And anyone who disagrees gets shot down on the basis of the province they’re from or the agenda people assume they have. Starting O’Gara on Sunday is the clear, sensible choice but it will still be greeted with outrage from some.

Criticism goes with the territory when you’re involved in professional sport. Nobody minds that. I’d say within the Ireland squad this week, they will hardly feel it. But I have been flabbergasted by the change in attitudes over the past week. It has become quite nasty and there’s no balance to it. I’ll happily debate about rugby with anybody but you have to go into these things with an open mind. If you’re outraged at the idea of a man who has 120-odd caps starting a highly-pressurised, must-win game for a team that is missing half of its starters already, then you’re not even pretending to be open-minded.

There are people out there who would prefer it if Ireland didn’t win on Sunday. They would be happy to be proved right and they’d see it as hammering a nail into Declan Kidney’s coffin.

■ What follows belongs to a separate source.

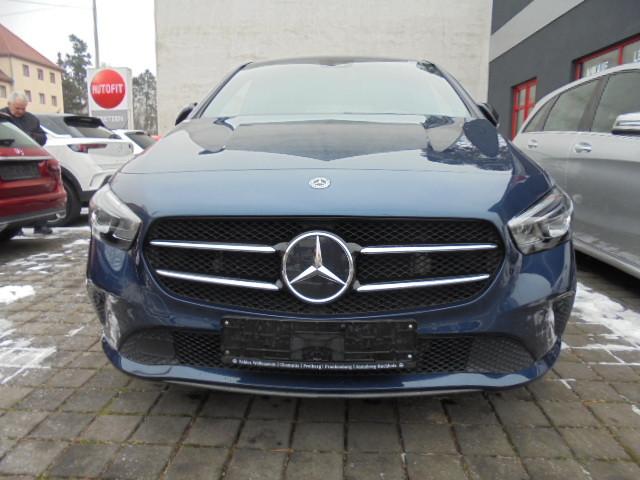 Mercedes-Benz B 180 Progressive/LED/Navi/Automatic/RfCam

I just don’t think that’s right. I think you’ve got too involved with your own opinion if you’re at the point of hoping Ireland don’t win any game.

Scotland will look at Ireland and think the game is there for the taking. They’ve come back from a disastrous November and a really poor performance from the clubs in the Heineken Cup to put together a decent team. They’ll miss Euan Murray because the game is on a Sunday but other than him, it looks like Alisdair Strokosh will be their only injury. They will see this as a chance to get after Ireland and really exploit any weaknesses.

Key men

It will be up to Ireland to go out and show here are no weaknesses to exploit. For that reason, I think one of the key men this week will be Enda McNulty. It’s important the players get into a good frame of mind, that they overcome the injury list and the England defeat and all the negative reaction to it. Ireland could be vulnerable here unless they get themselves mentally right in time for the game. That’s where the experienced players come in – Brian O’Driscoll, Jamie Heaslip and, yes, Ronan O’Gara. There’s a lot of leadership gone out of the team so it’s up to these guys to get a reaction for the Scotland game.

I think they will pull it off. There’s enough quality left in the team to win the game. It’s going to be physical encounter – Dean Ryan has brought that abrasiveness to the Scottish pack – and they will target Ireland from the start.

England gave them a perfect template for how to play against Ireland and if they can replicate the sort of pressure England brought, they will feel they have a great chance. I would imagine they will play with their back three back, just as England did, in order to squeeze Ireland back into their own half of the pitch.

Ireland didn’t deal well with that pressure in the Aviva and so they will have to find a strategy to cope with it. To me, the obvious way to combat it is to ramp up the kicking game. That’s going to need O’Gara to be much-improved from the last day but it will need Conor Murray and Rob Kearney too. They will need to be a lot more efficient with their game plan and they will need the cool heads to carry it out.

I think they will have enough about them to pull it off.